6. The system according to claim 1, characterized in that, The robot execution and control module includes at least one intelligent maintenance and inspection robot, which includes: The autonomous navigation chassis system is configured to build an environmental map based on multi-sensor fusion perception of environmental information, plan and track the optimal driving path, and achieve autonomous driving and dynamic obstacle avoidance; The dual-light gimbal vision system is configured to acquire two-dimensional or three-dimensional image information of the target device, identify the target and extract features through multi-view fusion, and achieve spatial pose calibration. A multi-degree-of-freedom robotic arm and an end effector are configured to plan the robotic arm's motion trajectory based on visual positioning results and drive the end effector to perform operations on the target device. The end effector includes a toggle switch mechanism and an insertion lock hole unlocking mechanism.
7. The system according to claim 6, characterized in that, The autonomous navigation chassis system is also configured to: perceive the environment by fusing LiDAR, cameras and high-precision positioning system, search for drivable paths using graph search algorithm, generate optimized driving trajectories by combining chassis dynamics characteristics, and achieve trajectory tracking through control algorithm.
8. The system according to claim 6, characterized in that, The dual-light gimbal vision system is also configured to update the spatial pose information of the target device during the operation of the robotic arm, providing positioning for the real-time trajectory planning and autonomous operation of the robotic arm.

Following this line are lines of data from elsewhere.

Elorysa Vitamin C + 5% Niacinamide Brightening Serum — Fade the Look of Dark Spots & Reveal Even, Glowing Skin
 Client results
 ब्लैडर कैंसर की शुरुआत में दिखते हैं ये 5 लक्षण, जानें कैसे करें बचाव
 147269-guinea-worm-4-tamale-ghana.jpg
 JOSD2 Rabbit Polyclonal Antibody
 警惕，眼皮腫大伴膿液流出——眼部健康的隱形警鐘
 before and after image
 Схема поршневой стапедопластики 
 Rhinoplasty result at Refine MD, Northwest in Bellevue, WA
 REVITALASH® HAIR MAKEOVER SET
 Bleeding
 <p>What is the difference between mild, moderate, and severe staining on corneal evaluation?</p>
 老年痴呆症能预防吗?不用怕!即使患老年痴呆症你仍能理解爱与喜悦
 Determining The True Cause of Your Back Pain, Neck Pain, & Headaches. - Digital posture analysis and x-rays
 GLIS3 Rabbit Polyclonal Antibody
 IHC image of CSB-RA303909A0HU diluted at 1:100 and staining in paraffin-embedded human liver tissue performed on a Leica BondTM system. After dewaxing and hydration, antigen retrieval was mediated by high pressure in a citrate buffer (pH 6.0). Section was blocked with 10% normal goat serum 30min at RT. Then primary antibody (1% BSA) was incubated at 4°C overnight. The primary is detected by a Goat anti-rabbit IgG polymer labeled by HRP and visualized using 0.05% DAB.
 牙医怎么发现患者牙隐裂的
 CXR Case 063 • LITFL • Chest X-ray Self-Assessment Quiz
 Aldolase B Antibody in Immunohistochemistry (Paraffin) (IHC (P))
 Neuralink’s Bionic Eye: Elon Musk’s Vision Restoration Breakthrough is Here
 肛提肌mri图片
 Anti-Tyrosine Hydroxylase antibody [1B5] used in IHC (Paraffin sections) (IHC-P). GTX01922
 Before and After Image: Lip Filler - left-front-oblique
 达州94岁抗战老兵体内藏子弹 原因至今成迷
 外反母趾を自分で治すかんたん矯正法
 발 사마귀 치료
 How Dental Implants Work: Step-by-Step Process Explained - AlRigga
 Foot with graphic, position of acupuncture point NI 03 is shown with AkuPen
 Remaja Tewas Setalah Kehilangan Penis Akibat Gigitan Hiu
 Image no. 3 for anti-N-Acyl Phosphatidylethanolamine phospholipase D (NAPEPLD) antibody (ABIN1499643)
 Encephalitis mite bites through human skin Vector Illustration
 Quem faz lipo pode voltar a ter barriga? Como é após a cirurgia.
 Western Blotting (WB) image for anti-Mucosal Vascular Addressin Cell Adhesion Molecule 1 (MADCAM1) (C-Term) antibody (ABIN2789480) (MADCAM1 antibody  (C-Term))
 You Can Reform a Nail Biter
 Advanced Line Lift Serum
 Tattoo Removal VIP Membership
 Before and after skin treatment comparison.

9. The system according to claim 1, characterized in that, The multi-objective collaborative scheduling module is also configured to: construct a power plant health evaluation model based on the equipment performance data stored in the LIM model and in combination with key operating indicators of the photovoltaic power plant, generate evaluation results of power plant performance indicators and macro-operating indicators, and provide a basis for scheduling decisions.